* Exercise description: Below are lines of records; copy exactly those from the one containing "Dream Face Landscape Canvas Art" through the one containing "Cao Lau - Ken", leaving the pictures behind.

* Records supplied:
#####

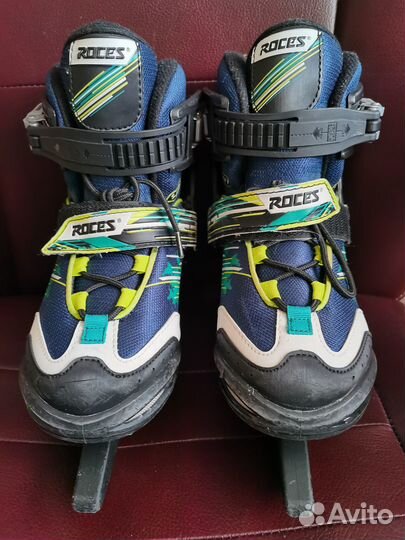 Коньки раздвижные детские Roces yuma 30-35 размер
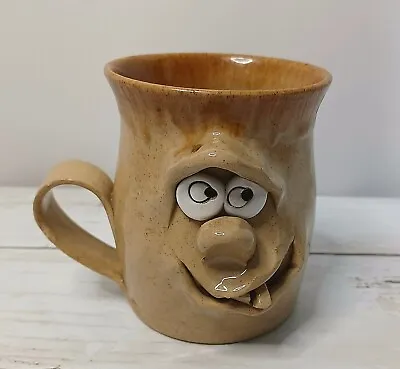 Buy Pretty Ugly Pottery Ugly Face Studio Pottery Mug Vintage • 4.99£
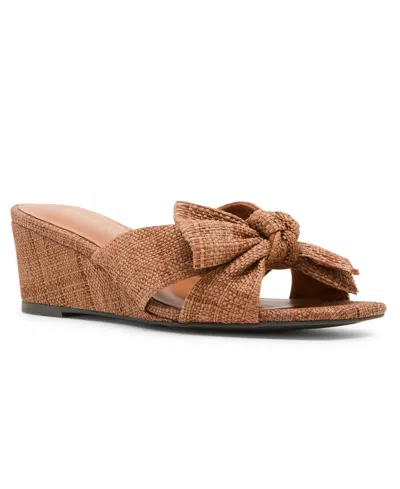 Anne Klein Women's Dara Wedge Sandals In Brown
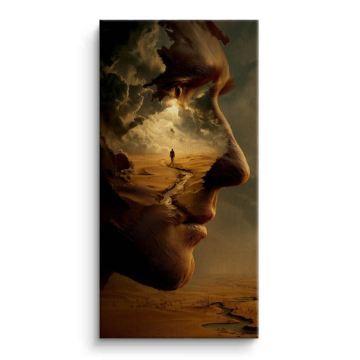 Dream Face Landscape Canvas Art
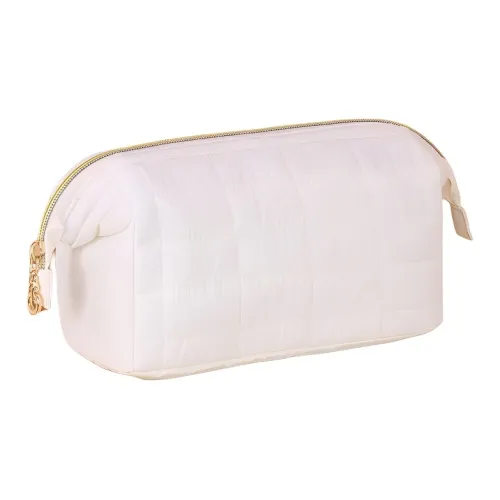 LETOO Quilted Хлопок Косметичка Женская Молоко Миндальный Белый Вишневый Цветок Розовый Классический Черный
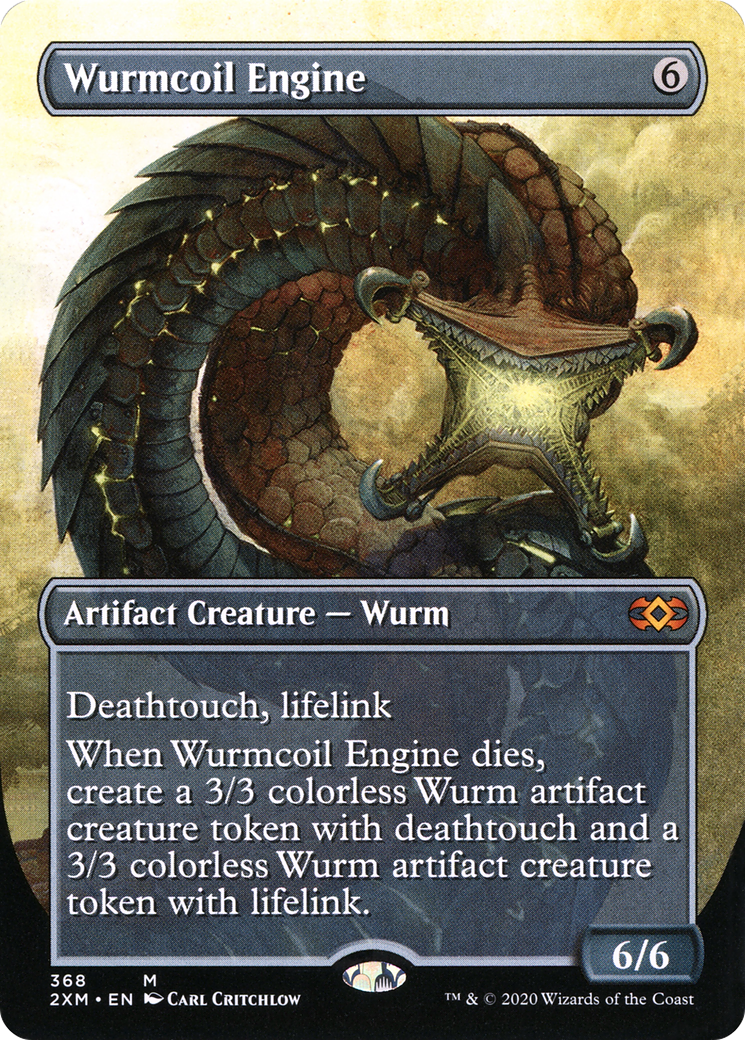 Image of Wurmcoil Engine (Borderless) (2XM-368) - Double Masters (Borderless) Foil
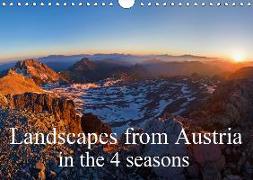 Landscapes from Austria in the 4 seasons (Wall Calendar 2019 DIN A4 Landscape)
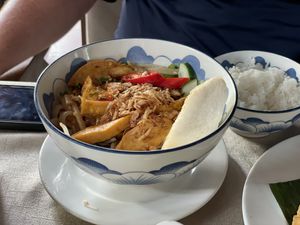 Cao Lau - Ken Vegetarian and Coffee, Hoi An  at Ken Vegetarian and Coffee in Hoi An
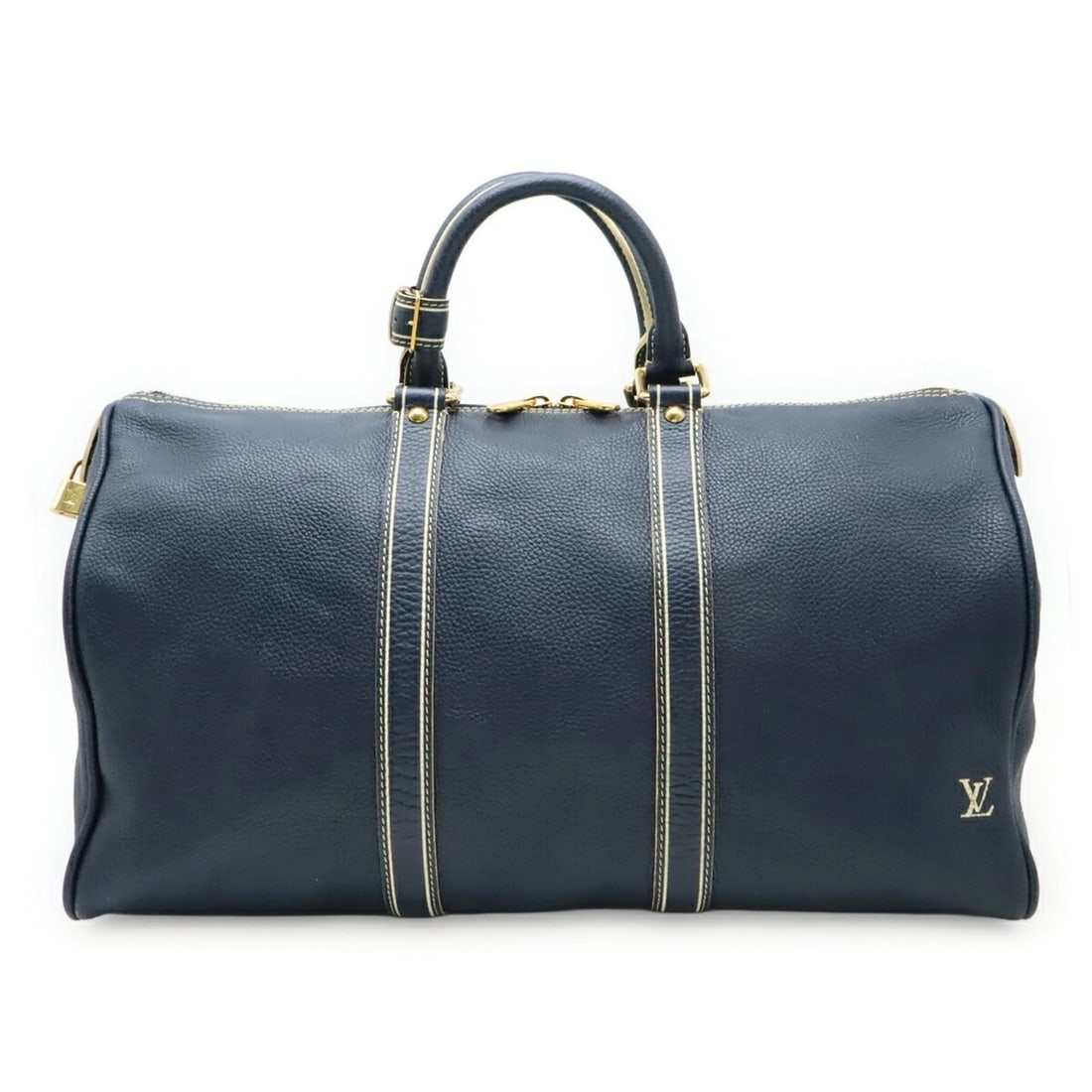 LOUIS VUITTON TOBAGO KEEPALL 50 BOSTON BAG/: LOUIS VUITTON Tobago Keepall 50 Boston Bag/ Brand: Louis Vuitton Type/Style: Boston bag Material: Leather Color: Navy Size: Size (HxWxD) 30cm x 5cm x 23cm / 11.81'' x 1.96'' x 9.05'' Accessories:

#####

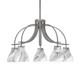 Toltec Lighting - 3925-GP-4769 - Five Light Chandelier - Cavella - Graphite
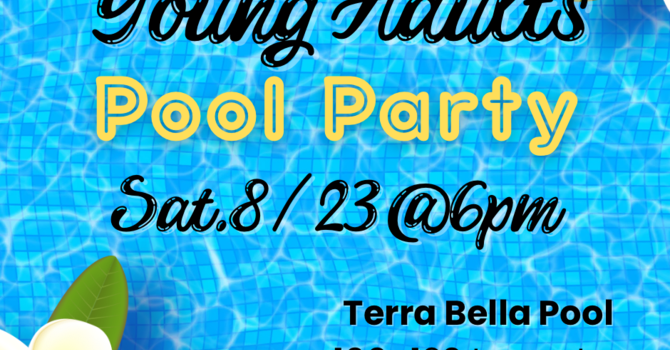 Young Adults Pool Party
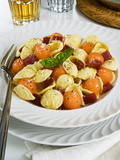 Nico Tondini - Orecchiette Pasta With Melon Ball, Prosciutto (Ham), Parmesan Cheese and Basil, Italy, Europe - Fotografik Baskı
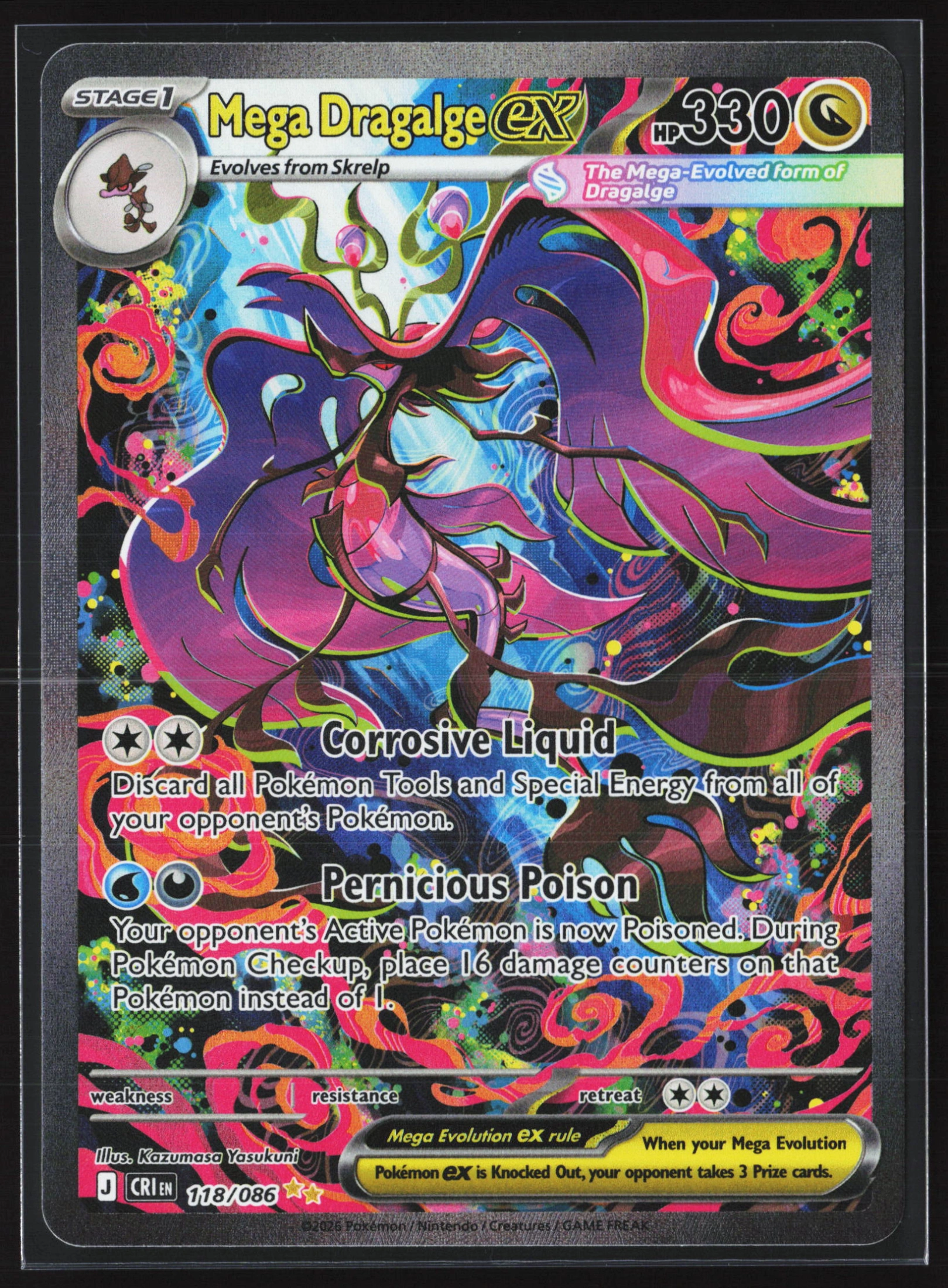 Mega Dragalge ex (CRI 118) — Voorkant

#####

* Exercise solution:
 Dream Face Landscape Canvas Art
 LETOO Quilted Хлопок Косметичка Женская Молоко Миндальный Белый Вишневый Цветок Розовый Классический Черный
 Image of Wurmcoil Engine (Borderless) (2XM-368) - Double Masters (Borderless) Foil
 Landscapes from Austria in the 4 seasons (Wall Calendar 2019 DIN A4 Landscape)
 Cao Lau - Ken Vegetarian and Coffee, Hoi An  at Ken Vegetarian and Coffee in Hoi An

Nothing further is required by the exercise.